Concerns over flooding, wildlife raised about large subdivision proposed for Arthur

·3 min read

ARTHUR – A large housing subdivision planned in Arthur raised some concerns from residents and councillors at a Wellington North public meeting on Monday night.

The developer, Cachet Homes, is proposing to build a 240-home subdivision in Arthur’s west end bordered by Preston Street North, Domville Street, Smith Street and Conestoga Street North.

This will consist of 141 single detached and 99 townhouses as well as five new internal streets, a stormwater management pond and upgrading Preston Street to asphalt with a sidewalk.

The report to council noted a large portion of the land was approved for a subdivision back in 1993.

A similar development was proposed of single and townhouse units, about half the number currently proposed, but also included a large school block and park area.

The school block is no longer required by the school board.

Mayor Andy Lennox clarified that there was no decision being made and ultimately the County of Wellington is the authority on approving subdivision plans.

The purpose of the meeting, he explained, was to collect information for the county and to consider zoning changes to setbacks and frontage which would fall on the township.

Stephen Closs, a planning consultant for the developer, said that Arthur is intended to grow by nearly 1,000 people within 20 years and this development is an opportunity to reach this growth target.

A common theme among delegates, particularly those who live on Conestoga Street, at the public meeting was a concern over stormwater management.

Many mentioned concerns they have about their property flooding on occasion already and wanted clarification that things would not get worse with a new development where the water drains.

Marcus Gagliardi, Cachet Homes development planner, stressed that they are up to the challenge of working on this issue with township engineers and other organizations.

“We’re going to make sure the situation post-development is a much better situation than what currently exists,” Gagliardi said at the meeting.

Two delegates, Mike DeWitt and Brent McKee, were both troubled about wildlife that inhabits the field and forested area where the subdivision will go up.

They noted that there was no green space incorporated into the plan.

“Why do we always have to destroy everything for the sake of a couple extra houses?” DeWitt asked. “I think development is going to come regardless but could we not set something aside for the wildlife as well?”
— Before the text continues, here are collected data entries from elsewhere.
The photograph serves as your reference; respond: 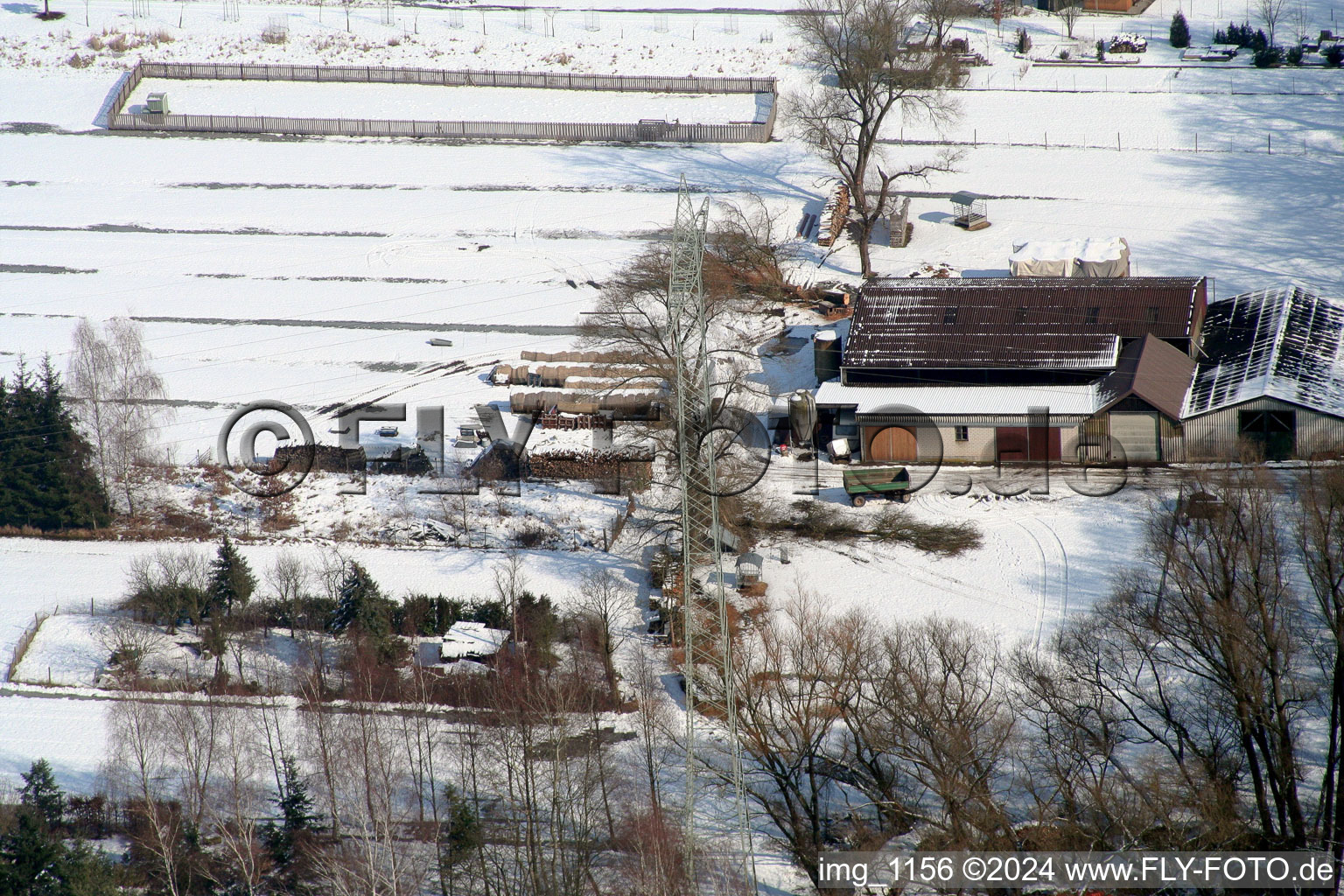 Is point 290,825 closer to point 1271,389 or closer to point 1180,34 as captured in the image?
point 1271,389

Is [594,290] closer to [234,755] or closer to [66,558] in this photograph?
[66,558]

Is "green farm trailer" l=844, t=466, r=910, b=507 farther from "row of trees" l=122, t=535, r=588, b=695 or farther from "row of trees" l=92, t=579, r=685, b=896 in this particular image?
"row of trees" l=92, t=579, r=685, b=896

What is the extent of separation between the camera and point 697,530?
38.2 metres

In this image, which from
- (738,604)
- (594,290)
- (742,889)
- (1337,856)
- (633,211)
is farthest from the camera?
(633,211)

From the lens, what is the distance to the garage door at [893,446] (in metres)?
44.8

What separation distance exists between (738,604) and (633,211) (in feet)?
86.1

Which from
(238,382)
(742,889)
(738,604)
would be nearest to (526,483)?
(738,604)

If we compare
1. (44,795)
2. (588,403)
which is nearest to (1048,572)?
(588,403)

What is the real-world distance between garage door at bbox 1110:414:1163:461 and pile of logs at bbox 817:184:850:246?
16.7 meters

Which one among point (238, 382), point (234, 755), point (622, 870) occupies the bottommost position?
point (622, 870)

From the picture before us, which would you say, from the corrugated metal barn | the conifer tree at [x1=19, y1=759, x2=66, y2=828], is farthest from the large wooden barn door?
the conifer tree at [x1=19, y1=759, x2=66, y2=828]

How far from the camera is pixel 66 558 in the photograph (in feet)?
143

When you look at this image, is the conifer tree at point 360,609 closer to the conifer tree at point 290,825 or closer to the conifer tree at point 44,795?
the conifer tree at point 290,825

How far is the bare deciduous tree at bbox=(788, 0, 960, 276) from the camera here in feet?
186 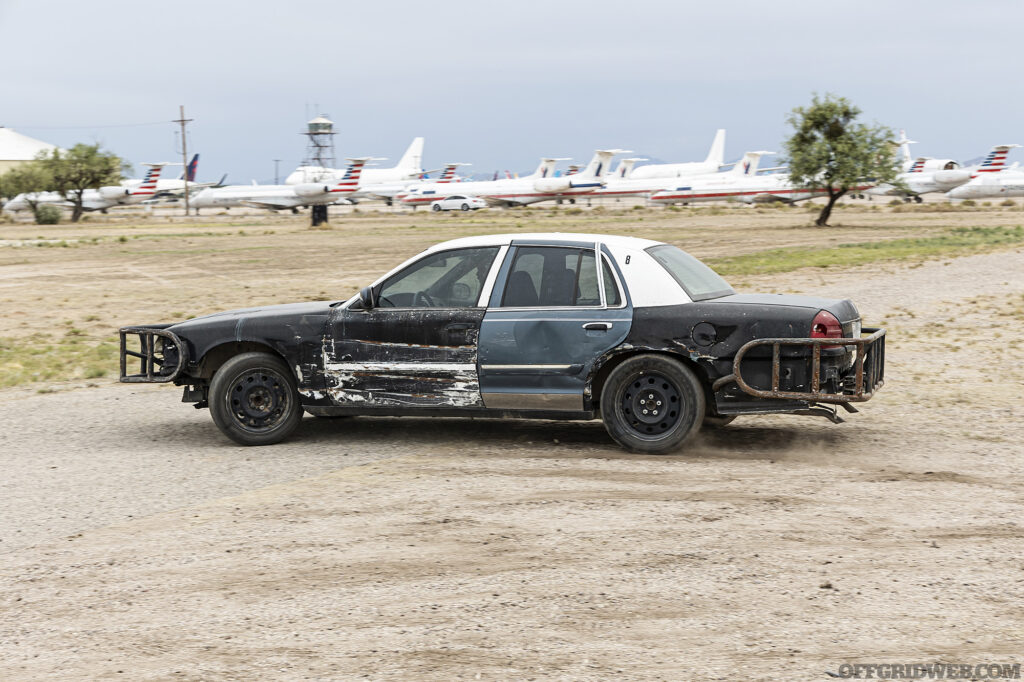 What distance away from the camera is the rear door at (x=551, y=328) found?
27.0 ft

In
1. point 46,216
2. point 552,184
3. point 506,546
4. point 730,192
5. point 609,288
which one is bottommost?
point 506,546

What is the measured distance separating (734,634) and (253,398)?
515cm

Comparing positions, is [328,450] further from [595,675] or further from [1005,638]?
[1005,638]

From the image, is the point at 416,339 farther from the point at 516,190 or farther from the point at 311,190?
the point at 516,190

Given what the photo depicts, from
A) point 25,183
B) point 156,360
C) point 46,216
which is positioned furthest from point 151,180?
point 156,360

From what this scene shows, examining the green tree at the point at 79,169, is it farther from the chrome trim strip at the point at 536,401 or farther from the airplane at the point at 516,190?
the chrome trim strip at the point at 536,401

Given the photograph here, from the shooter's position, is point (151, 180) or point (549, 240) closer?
point (549, 240)

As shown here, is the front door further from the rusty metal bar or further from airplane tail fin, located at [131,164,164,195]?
airplane tail fin, located at [131,164,164,195]

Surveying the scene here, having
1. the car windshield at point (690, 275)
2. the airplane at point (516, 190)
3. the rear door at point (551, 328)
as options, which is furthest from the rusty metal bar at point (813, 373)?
the airplane at point (516, 190)

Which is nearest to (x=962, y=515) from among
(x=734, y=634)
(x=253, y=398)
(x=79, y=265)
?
(x=734, y=634)

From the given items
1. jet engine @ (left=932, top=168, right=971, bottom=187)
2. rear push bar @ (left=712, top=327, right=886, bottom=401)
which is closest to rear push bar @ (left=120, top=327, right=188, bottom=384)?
rear push bar @ (left=712, top=327, right=886, bottom=401)

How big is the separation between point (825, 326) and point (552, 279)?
2.00 metres

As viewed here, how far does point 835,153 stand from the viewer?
171 ft

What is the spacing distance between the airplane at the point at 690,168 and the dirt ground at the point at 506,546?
110224mm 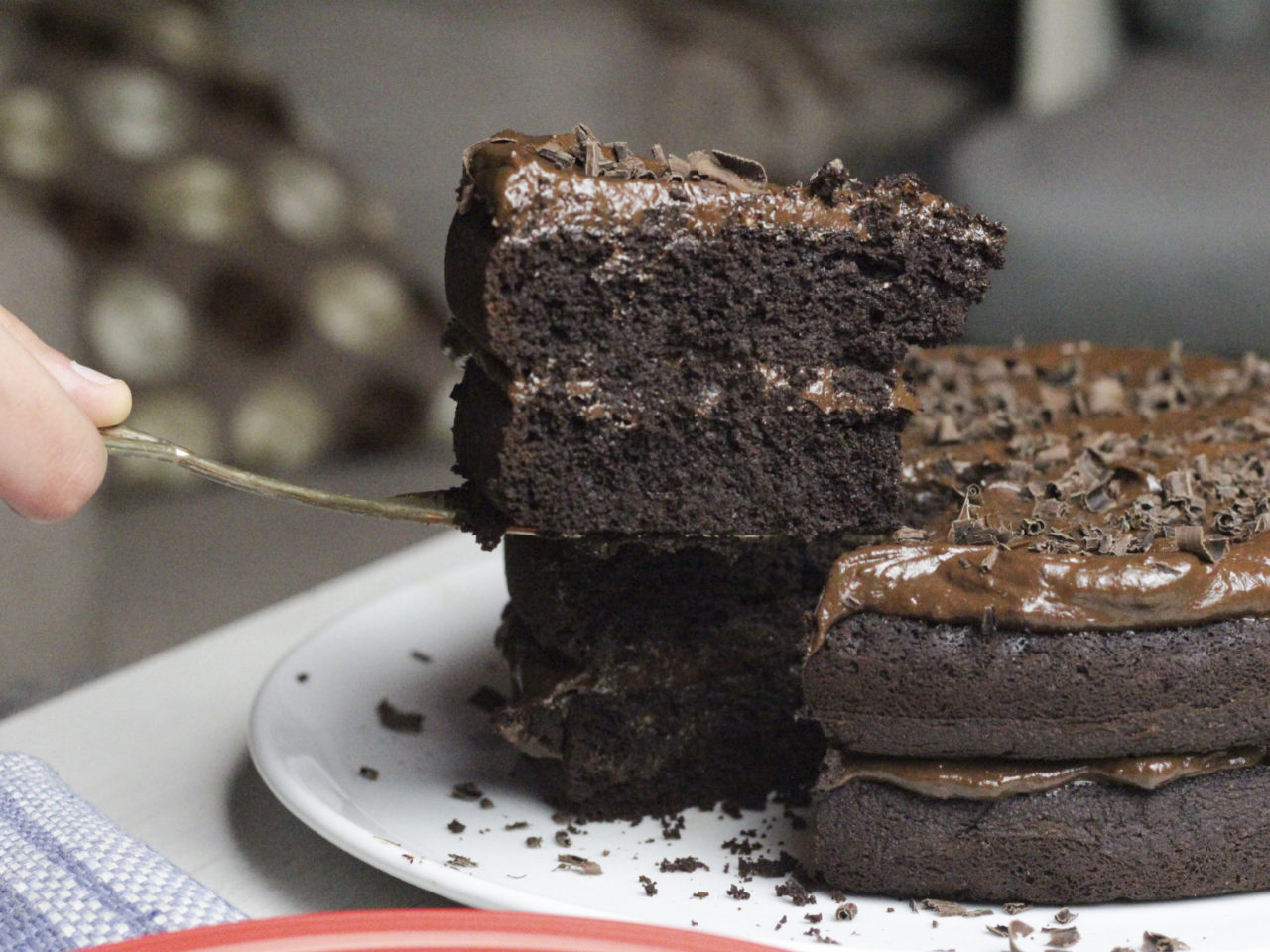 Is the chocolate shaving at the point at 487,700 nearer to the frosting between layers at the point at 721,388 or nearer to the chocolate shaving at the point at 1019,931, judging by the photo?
the frosting between layers at the point at 721,388

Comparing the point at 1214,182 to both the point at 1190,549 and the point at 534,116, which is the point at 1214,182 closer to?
the point at 534,116

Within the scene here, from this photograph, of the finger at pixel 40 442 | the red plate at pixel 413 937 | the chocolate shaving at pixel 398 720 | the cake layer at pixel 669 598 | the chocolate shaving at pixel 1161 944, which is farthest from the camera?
the chocolate shaving at pixel 398 720

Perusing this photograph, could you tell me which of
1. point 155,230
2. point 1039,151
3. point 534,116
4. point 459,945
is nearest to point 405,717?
point 459,945

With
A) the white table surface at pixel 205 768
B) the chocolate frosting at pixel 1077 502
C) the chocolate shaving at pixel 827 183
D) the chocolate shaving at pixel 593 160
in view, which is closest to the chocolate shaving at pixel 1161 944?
the chocolate frosting at pixel 1077 502

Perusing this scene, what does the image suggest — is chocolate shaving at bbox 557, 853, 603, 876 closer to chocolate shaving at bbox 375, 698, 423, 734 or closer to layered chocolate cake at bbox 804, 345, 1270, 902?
layered chocolate cake at bbox 804, 345, 1270, 902

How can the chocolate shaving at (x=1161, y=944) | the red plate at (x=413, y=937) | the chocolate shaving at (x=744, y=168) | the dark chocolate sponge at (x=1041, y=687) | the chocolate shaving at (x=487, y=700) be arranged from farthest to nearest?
the chocolate shaving at (x=487, y=700) → the chocolate shaving at (x=744, y=168) → the dark chocolate sponge at (x=1041, y=687) → the chocolate shaving at (x=1161, y=944) → the red plate at (x=413, y=937)

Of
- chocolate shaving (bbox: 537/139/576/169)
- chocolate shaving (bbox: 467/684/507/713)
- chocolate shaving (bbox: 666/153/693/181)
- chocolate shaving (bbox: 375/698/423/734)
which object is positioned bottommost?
chocolate shaving (bbox: 375/698/423/734)

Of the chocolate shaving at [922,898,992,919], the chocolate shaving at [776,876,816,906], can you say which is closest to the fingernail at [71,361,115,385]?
the chocolate shaving at [776,876,816,906] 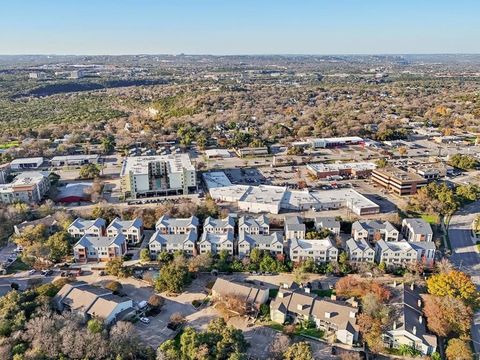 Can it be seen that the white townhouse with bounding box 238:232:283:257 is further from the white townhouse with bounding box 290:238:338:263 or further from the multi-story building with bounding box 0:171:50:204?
the multi-story building with bounding box 0:171:50:204

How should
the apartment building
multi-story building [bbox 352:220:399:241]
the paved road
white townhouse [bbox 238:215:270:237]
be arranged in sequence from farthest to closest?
white townhouse [bbox 238:215:270:237]
multi-story building [bbox 352:220:399:241]
the paved road
the apartment building

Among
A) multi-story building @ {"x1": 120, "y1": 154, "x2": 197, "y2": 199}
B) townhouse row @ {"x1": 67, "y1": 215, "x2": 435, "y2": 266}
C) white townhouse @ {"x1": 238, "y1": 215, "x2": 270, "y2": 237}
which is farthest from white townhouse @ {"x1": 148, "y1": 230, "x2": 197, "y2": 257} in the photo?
multi-story building @ {"x1": 120, "y1": 154, "x2": 197, "y2": 199}

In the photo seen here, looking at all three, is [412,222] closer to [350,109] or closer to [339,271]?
[339,271]

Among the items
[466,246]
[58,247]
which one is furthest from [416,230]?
[58,247]

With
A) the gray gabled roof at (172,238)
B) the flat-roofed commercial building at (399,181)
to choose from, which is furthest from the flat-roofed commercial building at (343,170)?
the gray gabled roof at (172,238)

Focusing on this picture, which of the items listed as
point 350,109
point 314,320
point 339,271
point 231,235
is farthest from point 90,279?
point 350,109

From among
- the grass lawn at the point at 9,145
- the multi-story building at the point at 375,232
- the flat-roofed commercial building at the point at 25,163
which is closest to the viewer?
the multi-story building at the point at 375,232

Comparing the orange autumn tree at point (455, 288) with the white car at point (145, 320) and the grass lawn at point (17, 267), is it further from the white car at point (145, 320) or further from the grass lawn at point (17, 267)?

Closs said ecological impacts will be mitigated but the land is already zoned as residential and is therefore intended to be developed.

Some councillors agreed that parkland should be considered as part of a subdivision this size.

The development as it stands is proposing cash-in-lieu of parkland but Gagliardi said they aren’t opposed to taking another look at it.

“The comments about park space are valid and we’ll have to take it back and look at it as we look at the overall plan,” Gagliardi said.

Some other councillor concerns were around the density of the development and if it would truly fit into the character of the small town.

The mayor finished the meeting by bringing up how they’re going to manage an increase in sewage.

“We’ve seen a number of development applications come forward and if it all comes to fruition we probably have a sewage capacity problem,” Lennox said, noting that the town has a sewage allocation policy that manages the rate of growth.

Gagliardi said they will work with the township on a phased approach to not overwhelm their wastewater system as it works on growth and reiterated their stance of wanting to work with the township as best they can.